The third-largest sportswear maker in the United States has closed stores, cut jobs and rolled back promotions to bolster profit margins as it tries to recover from a bruising fight for market share with bigger rivals Nike Inc (NKE.N) and Adidas AG (ADSGn.DE).
The surge in shares reflect investors’ confidence in the company’s turnaround as well as its expansion in international markets to offset weakness in the United States, where it had fallen behind rivals in the past two years.
The company said on Tuesday it had cut total merchandise by about 1 percent in the quarter, as it deals with excess inventory stemming from 2017 when it expected more demand.

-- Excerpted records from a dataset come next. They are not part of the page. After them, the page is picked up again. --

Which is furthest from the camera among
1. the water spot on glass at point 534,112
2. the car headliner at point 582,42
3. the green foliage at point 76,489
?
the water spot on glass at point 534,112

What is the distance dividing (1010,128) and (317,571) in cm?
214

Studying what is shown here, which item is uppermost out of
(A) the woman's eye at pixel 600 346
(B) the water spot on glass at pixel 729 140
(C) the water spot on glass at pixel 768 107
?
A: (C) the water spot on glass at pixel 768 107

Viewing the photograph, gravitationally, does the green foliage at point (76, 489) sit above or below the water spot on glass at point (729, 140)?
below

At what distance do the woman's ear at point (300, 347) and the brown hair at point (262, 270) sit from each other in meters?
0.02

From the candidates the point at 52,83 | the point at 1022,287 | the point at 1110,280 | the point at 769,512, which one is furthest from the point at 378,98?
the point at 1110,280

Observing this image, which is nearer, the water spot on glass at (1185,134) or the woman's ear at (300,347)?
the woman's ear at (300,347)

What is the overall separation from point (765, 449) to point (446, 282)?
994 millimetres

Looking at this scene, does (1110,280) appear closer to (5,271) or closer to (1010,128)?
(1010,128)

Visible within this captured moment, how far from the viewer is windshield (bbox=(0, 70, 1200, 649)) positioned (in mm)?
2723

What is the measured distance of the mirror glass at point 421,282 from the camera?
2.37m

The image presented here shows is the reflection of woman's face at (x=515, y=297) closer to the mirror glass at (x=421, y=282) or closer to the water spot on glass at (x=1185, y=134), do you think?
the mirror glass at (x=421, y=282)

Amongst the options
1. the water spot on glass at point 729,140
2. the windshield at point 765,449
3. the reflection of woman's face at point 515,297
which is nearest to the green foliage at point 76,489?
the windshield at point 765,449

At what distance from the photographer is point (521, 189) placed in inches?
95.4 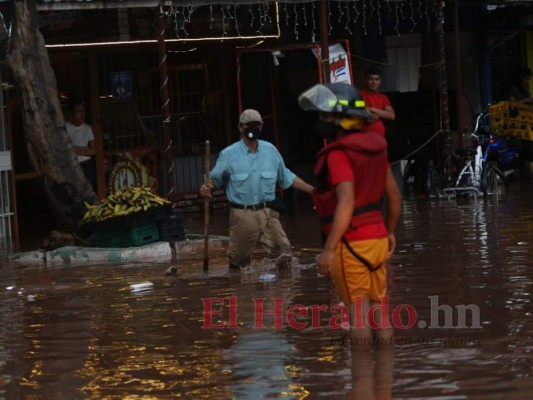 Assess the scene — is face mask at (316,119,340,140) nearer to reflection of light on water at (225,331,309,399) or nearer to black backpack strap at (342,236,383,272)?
black backpack strap at (342,236,383,272)

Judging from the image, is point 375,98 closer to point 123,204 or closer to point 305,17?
point 123,204

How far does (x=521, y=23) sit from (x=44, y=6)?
1107 cm

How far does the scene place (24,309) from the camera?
11164 mm

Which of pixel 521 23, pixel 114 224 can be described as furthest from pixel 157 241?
pixel 521 23

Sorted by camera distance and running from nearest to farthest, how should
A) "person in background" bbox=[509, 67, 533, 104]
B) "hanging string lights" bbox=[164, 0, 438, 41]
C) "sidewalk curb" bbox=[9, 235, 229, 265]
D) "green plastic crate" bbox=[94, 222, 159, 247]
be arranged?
1. "sidewalk curb" bbox=[9, 235, 229, 265]
2. "green plastic crate" bbox=[94, 222, 159, 247]
3. "hanging string lights" bbox=[164, 0, 438, 41]
4. "person in background" bbox=[509, 67, 533, 104]

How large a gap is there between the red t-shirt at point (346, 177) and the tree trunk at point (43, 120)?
8.48 meters

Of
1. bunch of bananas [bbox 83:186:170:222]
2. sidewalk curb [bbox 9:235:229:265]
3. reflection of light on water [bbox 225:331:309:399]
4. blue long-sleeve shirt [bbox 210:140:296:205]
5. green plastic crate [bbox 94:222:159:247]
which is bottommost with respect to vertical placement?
reflection of light on water [bbox 225:331:309:399]

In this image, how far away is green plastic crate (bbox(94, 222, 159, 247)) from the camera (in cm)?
1482

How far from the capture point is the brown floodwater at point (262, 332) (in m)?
7.62

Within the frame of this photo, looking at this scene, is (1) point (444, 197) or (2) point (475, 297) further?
(1) point (444, 197)

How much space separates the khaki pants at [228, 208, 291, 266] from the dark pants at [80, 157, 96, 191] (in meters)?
6.06

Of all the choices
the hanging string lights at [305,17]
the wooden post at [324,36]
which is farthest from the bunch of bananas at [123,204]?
the hanging string lights at [305,17]

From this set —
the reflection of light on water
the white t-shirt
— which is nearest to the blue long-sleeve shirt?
the reflection of light on water

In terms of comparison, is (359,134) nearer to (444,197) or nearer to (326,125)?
(326,125) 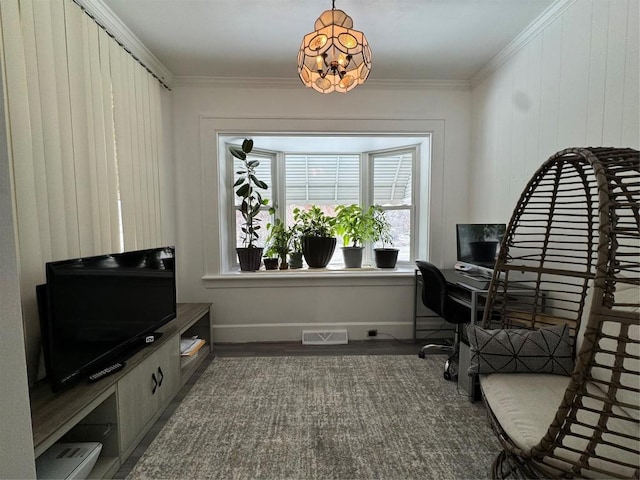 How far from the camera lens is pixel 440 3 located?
6.12 ft

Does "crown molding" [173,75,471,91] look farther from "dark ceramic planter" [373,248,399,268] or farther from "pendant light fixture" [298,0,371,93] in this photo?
"dark ceramic planter" [373,248,399,268]

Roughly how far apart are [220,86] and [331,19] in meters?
1.73

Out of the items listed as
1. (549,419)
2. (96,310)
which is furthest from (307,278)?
(549,419)

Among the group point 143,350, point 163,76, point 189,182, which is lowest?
point 143,350

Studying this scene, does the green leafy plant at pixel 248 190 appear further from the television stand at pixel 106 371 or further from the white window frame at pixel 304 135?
the television stand at pixel 106 371

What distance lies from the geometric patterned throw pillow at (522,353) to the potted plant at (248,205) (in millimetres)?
2221

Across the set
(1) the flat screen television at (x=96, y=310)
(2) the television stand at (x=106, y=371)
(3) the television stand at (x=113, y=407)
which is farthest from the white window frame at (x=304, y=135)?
(2) the television stand at (x=106, y=371)

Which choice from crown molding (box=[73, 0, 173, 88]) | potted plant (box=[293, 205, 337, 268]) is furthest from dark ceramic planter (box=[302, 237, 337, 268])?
crown molding (box=[73, 0, 173, 88])

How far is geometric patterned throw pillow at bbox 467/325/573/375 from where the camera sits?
4.69 feet

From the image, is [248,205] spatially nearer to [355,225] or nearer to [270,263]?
[270,263]

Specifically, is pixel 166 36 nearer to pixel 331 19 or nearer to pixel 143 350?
pixel 331 19

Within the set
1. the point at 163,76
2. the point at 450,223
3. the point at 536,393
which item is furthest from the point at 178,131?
the point at 536,393

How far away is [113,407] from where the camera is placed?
1434 mm

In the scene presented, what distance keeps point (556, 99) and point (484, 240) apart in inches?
42.6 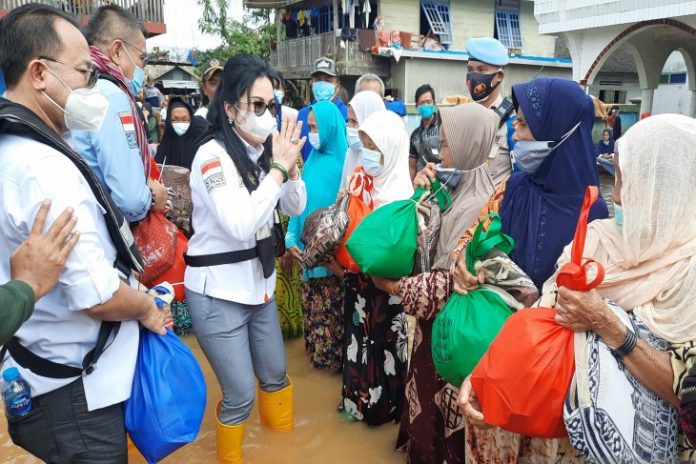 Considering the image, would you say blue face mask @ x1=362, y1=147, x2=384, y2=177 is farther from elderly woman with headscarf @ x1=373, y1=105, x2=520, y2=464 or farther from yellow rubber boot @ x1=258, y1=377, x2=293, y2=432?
yellow rubber boot @ x1=258, y1=377, x2=293, y2=432

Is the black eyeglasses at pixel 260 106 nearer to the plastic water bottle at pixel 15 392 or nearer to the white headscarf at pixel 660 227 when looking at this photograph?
the plastic water bottle at pixel 15 392

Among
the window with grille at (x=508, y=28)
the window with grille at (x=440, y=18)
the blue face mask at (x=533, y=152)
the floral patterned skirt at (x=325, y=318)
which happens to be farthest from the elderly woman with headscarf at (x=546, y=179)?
the window with grille at (x=508, y=28)

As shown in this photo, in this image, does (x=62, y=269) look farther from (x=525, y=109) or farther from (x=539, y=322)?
(x=525, y=109)

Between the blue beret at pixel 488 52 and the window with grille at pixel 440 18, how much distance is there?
13670mm

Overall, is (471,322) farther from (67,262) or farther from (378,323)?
(67,262)

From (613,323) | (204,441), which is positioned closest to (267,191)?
(613,323)

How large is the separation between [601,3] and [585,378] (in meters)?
12.6

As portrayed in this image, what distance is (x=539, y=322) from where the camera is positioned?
1.38 m

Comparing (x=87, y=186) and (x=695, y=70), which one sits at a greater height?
(x=695, y=70)

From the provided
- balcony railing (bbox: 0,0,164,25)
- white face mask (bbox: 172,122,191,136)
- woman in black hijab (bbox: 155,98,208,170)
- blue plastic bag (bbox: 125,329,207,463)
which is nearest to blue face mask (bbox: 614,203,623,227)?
blue plastic bag (bbox: 125,329,207,463)

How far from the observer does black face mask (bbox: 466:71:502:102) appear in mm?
3877

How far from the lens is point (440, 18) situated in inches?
661

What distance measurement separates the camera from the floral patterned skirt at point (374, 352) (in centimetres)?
278

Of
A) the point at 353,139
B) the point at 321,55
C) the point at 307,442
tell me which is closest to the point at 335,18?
the point at 321,55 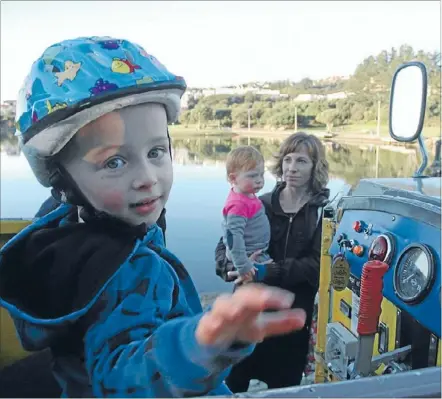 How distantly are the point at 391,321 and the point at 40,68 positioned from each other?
1.18m

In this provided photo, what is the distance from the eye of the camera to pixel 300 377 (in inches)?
88.5

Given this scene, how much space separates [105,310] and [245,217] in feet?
4.07

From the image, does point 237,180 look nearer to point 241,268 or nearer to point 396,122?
point 241,268

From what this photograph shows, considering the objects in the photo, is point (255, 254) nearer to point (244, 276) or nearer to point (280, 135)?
point (244, 276)

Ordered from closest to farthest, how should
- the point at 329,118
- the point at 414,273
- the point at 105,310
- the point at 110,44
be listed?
the point at 105,310 → the point at 110,44 → the point at 414,273 → the point at 329,118

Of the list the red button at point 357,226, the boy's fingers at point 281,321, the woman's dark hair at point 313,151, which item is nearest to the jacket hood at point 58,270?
the boy's fingers at point 281,321

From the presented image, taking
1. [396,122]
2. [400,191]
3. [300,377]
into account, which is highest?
[396,122]

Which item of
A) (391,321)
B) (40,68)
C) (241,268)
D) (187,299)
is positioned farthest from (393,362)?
(40,68)

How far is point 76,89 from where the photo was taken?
969 millimetres

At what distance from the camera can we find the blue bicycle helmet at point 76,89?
0.97 metres

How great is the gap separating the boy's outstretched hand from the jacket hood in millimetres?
300

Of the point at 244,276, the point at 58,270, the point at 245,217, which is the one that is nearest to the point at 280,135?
the point at 245,217

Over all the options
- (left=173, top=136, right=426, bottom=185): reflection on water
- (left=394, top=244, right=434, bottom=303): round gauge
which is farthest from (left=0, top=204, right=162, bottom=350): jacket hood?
(left=173, top=136, right=426, bottom=185): reflection on water

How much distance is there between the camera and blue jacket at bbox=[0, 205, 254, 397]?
827 millimetres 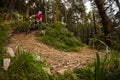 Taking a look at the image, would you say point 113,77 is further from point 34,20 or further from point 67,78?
point 34,20

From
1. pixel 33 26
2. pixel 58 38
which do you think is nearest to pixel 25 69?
pixel 58 38

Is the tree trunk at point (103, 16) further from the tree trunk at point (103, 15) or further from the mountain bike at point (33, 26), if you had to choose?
the mountain bike at point (33, 26)

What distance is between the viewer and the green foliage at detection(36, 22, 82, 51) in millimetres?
9805

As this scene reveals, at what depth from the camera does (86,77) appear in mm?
4539

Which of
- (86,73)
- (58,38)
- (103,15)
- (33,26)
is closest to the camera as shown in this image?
(86,73)

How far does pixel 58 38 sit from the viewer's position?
35.5ft

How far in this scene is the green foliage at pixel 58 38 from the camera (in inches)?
386

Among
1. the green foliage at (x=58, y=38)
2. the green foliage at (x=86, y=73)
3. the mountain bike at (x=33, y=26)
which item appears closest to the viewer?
the green foliage at (x=86, y=73)

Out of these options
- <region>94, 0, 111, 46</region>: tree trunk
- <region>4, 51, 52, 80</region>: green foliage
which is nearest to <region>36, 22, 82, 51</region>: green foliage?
<region>94, 0, 111, 46</region>: tree trunk

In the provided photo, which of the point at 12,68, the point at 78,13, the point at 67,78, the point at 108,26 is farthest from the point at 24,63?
the point at 78,13

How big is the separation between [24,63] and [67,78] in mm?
996

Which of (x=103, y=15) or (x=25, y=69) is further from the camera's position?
(x=103, y=15)

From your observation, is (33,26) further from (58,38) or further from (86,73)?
(86,73)

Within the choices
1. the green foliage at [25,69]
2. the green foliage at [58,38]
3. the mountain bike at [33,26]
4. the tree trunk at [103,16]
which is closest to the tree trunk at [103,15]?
the tree trunk at [103,16] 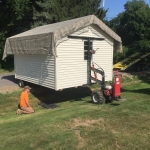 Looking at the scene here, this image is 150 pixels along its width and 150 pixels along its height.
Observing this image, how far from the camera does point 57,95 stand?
1393 centimetres

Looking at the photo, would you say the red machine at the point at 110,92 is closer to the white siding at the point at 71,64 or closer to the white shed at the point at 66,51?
the white siding at the point at 71,64

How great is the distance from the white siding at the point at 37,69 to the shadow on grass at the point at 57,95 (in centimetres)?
124

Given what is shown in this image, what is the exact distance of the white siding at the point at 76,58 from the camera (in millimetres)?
10758

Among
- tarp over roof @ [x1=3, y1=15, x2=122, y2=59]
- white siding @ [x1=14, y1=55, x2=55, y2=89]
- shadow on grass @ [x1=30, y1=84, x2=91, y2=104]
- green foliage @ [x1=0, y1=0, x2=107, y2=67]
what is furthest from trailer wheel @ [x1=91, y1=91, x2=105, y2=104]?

The bloated inventory forced the company to unload products to off-price retailers at lower prices, hitting margins in the past several quarters.
But cost cuts and fewer discounts helped boost margins in the third quarter. Gross margins rose for the first time in several quarters - up 20 basis points to 46.5 percent in quarter, beating the average analyst estimate of 45.8 percent.
Cutting back on stocks of materials such as zippers and buttons by as much as 80 percent and shrinking its vendor base by a quarter also helped.
Under Armour said it was in a better inventory position going into the holiday season, and would sell more of its products through its own channels at full price to help improve margins and the brand’s image.
“Under Armour continues to make progress on its multi-year restructuring, particularly with regards to inventory and cost reduction efforts,” Moody’s Apparel Analyst Mike Zuccaro said.
“While some challenges still remain, the company is stabilizing and is better positioned for improvement in 2019.”
Though North America sales continued to struggle, the company showed strong growth in its international markets of Europe, Middle East and Africa and Latin America. International sales rose 15 percent, while they fell nearly 2 percent in North America.
The maker of Stephen Curry shoes raised its full-year adjusted earnings per share forecast to between 19 cents and 22 cents from a prior guidance of 16 to 19 cents.
Excluding certain items, it earned 25 cents per share, beating analysts’ estimate of 12 cents, according to Refinitiv data.
Under Armour’s shares were up 19.4 percent at $20.07, adding to a 26 percent gain this year.